Returning a response

In this last step, we are looking to:

  • Make the calculation (calling the ontology method)
  • Return the values, creating our custom answer class
The result class

We currently return a default Service.Message object. We need to create a new class that extends it that maps what we want to return. In our case, only one field: a map associated an id (integer) to an ontology (string).
We add as an inner class to OntologyService the following:

    	public static class OntologyReturnMessage extends Service.Message
    	{
    		@Expose
    		@Attribute
    		private Map<Integer, String> ontologies;

    		private OntologyReturnMessage(HttpServletRequest request, Map<Integer, String> ontologies)
    		{
    			super(request);

    			this.ontologies = ontologies;
    		}
    	}
Putting things together

The final step is to compute the ontology method for each id, create the response object and feed it. We obtain the final code:

    package org.wikipedia.miner.service;

    import java.util.HashMap;
    import java.util.Map;

    import javax.servlet.ServletConfig;
    import javax.servlet.ServletException;
    import javax.servlet.http.HttpServletRequest;

    import org.simpleframework.xml.Attribute;
    import org.wikipedia.miner.model.Article;
    import org.wikipedia.miner.model.Page;
    import org.wikipedia.miner.model.Page.PageType;
    import org.wikipedia.miner.model.Wikipedia;
    import org.xjsf.Service;
    import org.xjsf.UtilityMessages.ParameterMissingMessage;
    import org.xjsf.param.IntListParameter;

    import com.google.gson.annotations.Expose;

    public class OntologyService extends WMService {

    	// Service Description
    	private static String groupName     = "core";
    	private static String shortDescr    = "Returns the ontology of articles";
    	private static String detailsMarkup = "<p>The service takes a list of article's ID and returns a map of ID=>Ontology.
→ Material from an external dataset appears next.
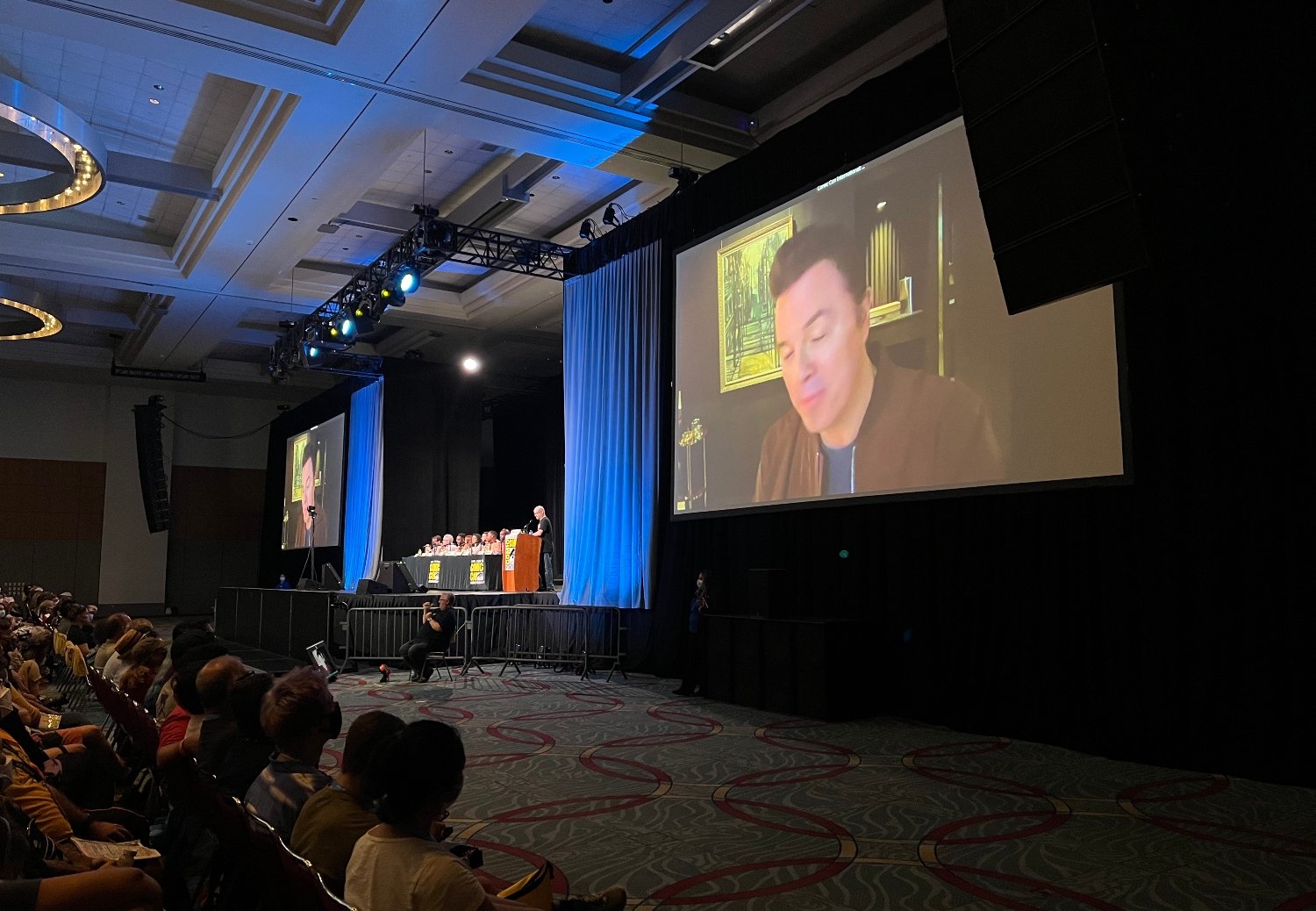 Seth MacFarlane and his 'Orville' costars at San Diego Comic-Con 2022 panel.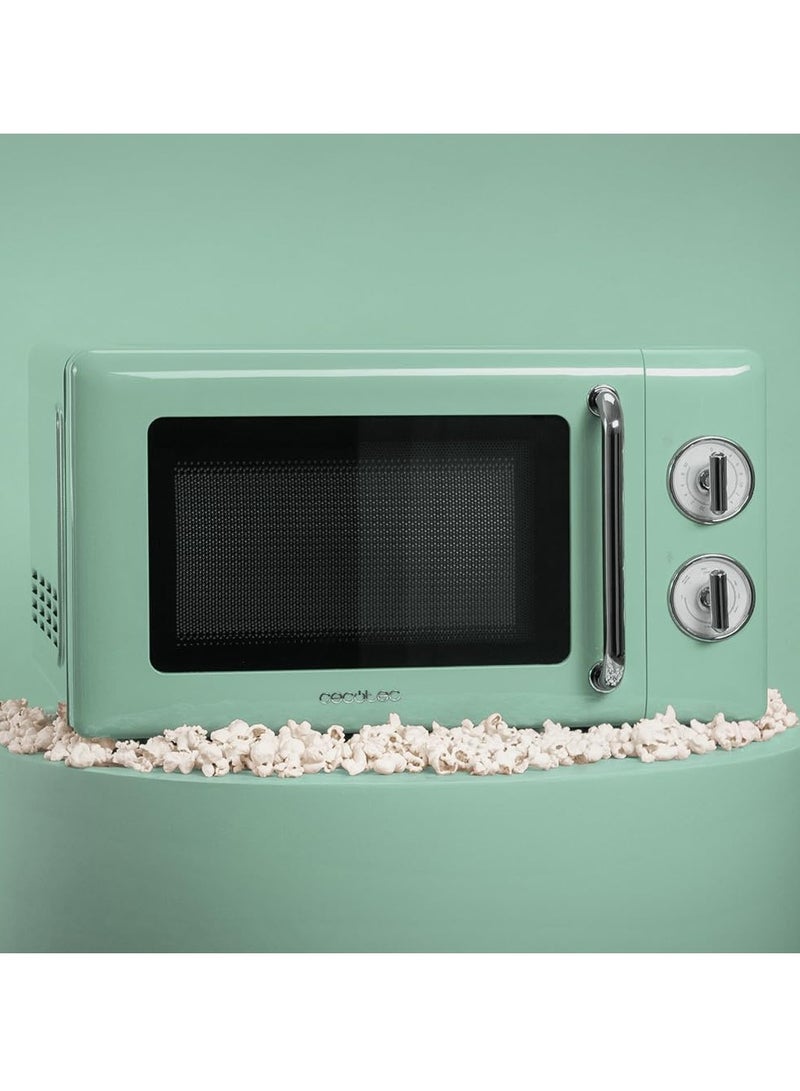 Microwave Proclean 3010 Retro Green - 20L, 700W Mechanical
Ontology can be an empty string</p>";
    	private static Boolean supportsDirectResponse = true;

    	// Parameters
    	IntListParameter prmIdList;

    	public OntologyService()
    	{
    		super(groupName, shortDescr, detailsMarkup, supportsDirectResponse);
    	}

    	@Override
    	public void init(ServletConfig config) throws ServletException
    	{
    		super.init(config);
    		prmIdList = new IntListParameter("ids", "List of page ids whom ontology must be found", null);
    		addGlobalParameter(prmIdList);
    	}

    	@Override
    	public Service.Message buildWrappedResponse(HttpServletRequest request) throws Exception
    	{
    		Integer[] ids = prmIdList.getValue(request);
    		if (ids == null)
    			return new ParameterMissingMessage(request);

    		Map<Integer, String> ontologies = this.computeOntologies(ids, getWikipedia(request));

    		return new OntologyReturnMessage(request, ontologies);
    	}

    	protected Map<Integer, String> computeOntologies(Integer[] ids, Wikipedia wikipedia)
    	{
    		Map<Integer, String> ontologies = new HashMap<Integer, String>(ids.length);

    		for (Integer id : ids)
    		{
    			String onto = null;
    			Page p = wikipedia.getPageById(id);
    			if (p.getType() == PageType.article)
    			{
    				Article art = (Article) p;
    				onto = art.getInfoBoxTitle();
    			}
    			else
    				onto = "";

    			ontologies.put(id, onto);
    		}

    		return ontologies;
    	}

    	public static class OntologyReturnMessage extends Service.Message
    	{
    		@Expose
    		@Attribute
    		private Map<Integer, String> ontologies;

    		private OntologyReturnMessage(HttpServletRequest request, Map<Integer, String> ontologies)
    		{
    			super(request);

    			this.ontologies = ontologies;
    		}
    	}

    }

Now we can re-deploy our service and we obtain the following results:

curl -XGET 'http://playground5:8080/wikipediaminer/services/ontology?responseFormat=JSON&ids=7089,7218'
{
  "ontologies": {
    "7089": "food",
    "7218": "food"
  },
  "service": "/services/ontology",
  "request": {
    "ids": "7089,7218",
    "responseFormat": "JSON"
  }
}

Creating a webservice with Wikipedia Miner’s is simple and allows to perform complex operations on this huge database.